Qualquer cidadão do mundo que preza a democracia despreza o regime de Nicolás Maduro na Venezuela. Entretanto, o mesmo cidadão não pode ser hipócrita e discordar do sucesso de Hugo Chávez na análise sobre o veto do Brasil à entrada da Venezuela no grupo de “países parceiros” do Brics. Rememorando o estilo a volta dos que não foram, Luiz Inácio não foi a Kazan, na Rússia, mas daqui mesmo, sem a necessidade do Var, expulsou ainda maduro o Nicolás que ele havia amarelado faz tempo. Líder dos mais contestados, Maduro é uma mala sem alça, mas o gesto do governo brasileiro soou como “agressão” barata, além de representar o aumento do desnecessário desgaste das relações Brasília-Caracas.
Para alguns, a decisão evidenciou uma vassalagem explícita aos interesses de classe da União Europeia e dos Estados Unidos, particularmente os de Joe Biden. Como quem planta vento colhe tempestade, esperemos o que está por vir. A ideia do governo petista de manter a hegemonia latino-americana no bloco deve gerar mais hostilidades entre os dois países. Alvo de críticas da comunidade internacional, o ex-aliado do Brasil pré e pós-Bolsonaro tende a se distanciar ainda mais da nação comandada por Luiz Inácio. Os laços que já uniram Lula a Maduro estão puídos e quase se rompendo definitivamente, o que não é bom para gregos e baianos.

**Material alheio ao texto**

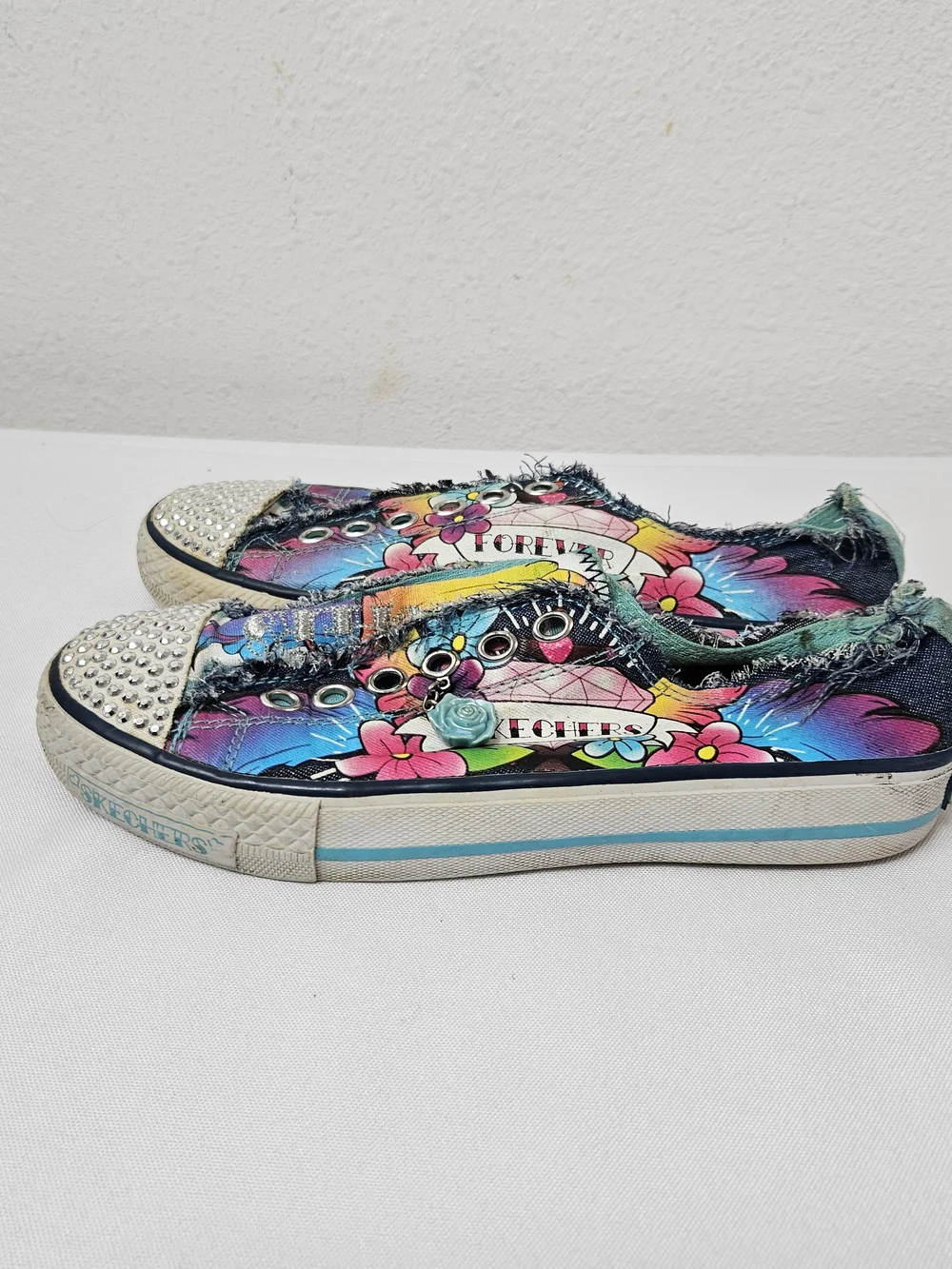 Skechers Floral Rhinestone Slip-On Sneakers - Multicolor Size 4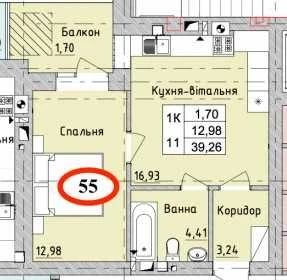 Однокімнатна квартира в ЖК "Бургундія 3"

Obviamente que o imbróglio deve se restringir ao âmbito político. Passar disso significará prejuízos econômicos para os dois e certamente o aumento das tensões na fronteira, em Roraima, por onde entram diariamente centenas de refugiados venezuelanos. Desejar distância do Vasco da Gama ou do Corínthians não pode ser jamais sinônimo de ódio, muito menos do desejo incontido de exclusão desses clubes das competições nacionais. Independentemente dos questionamentos acerca da legitimidade da vitória de Nicolás, as diferenças precisam ser resolvidas de forma bilateral, imparcial e pacífica. O Brasil e o mundo sabem que Lula da Silva é capaz disso. Tomara que ele volte a agir por si mesmo.

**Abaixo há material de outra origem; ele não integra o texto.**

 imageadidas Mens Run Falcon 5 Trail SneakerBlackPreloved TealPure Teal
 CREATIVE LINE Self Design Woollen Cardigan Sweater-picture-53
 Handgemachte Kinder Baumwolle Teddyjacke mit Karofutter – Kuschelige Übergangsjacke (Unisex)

Por isso, o Brasil ainda é uma pátria democrata, daquelas na qual, como diz o ministro Luís Roberto Barroso, presidente do Supremo Tribunal Federal, nenhum tema é tabu. “Tudo pode e deve ser debatido à luz do dia”. Para determinados pensadores, a essência da democracia é a convivência harmoniosa das diferenças. Exatamente como Lula age em relação a Javier Milei, hoje seu principal adversário ideológico e de ações na América do Sul. Teoricamente, Milei, que chama Lula de “ladrão” quase todos os dias, deveria estar no mesmo patamar de Maduro, isto é, a anos luz da premissa democrática da boa convivência. Por razões óbvias, o presidente argentino não está. Eles se odeiam, mas, pelo bem da antiga e volumosa parceria comercial, conseguem esconder a animosidade do grande público dos dois países.
Eles só deixam de lavar a roupa suja nos bastidores ou via chanceleres quando a órbita das críticas é invadida pelo clã que domina os “patriotas” brasileiros. No episódio envolvendo Maduro e os Brics, o presidente brasileiro talvez tenha ganho alguns pontos com Tio Sam, mas certamente perdeu a condição de único líder regional para governantes importantes como o russo Vladimir Putin e o chinês Xi Jinping, ambos favoráveis à adesão venezuelana. Vale lembrar que o veto é antigo, do tempo de Jair Bolsonaro, ou seja, não partiu de Lula. Todavia, em nome da proximidade sem arestas e conflitos, poderia ter sido revertido.
Se temos razoáveis relações com os regimes da Rússia e da China, por que não tentarmos com o da Venezuela? Não tentar significou ser comparado ao “pior” das políticas do governo de Jair Messias. É claro que nenhum brasileiro que defende os princípios da democracia é favorável ao regime ditatorial de Nicolás Maduro. No entanto, considerando que vetar o Vasco e o Corinthians esvaziaria o Brasileirão, por que não mantê-los e tentar vencê-los nas quatro linhas? Melhor do que passar para a história nacional, regional e mundial como golpistas da diplomacia não intervencionista e dos princípios básicos do Brics, da esquerda, do petismo e do próprio Lula.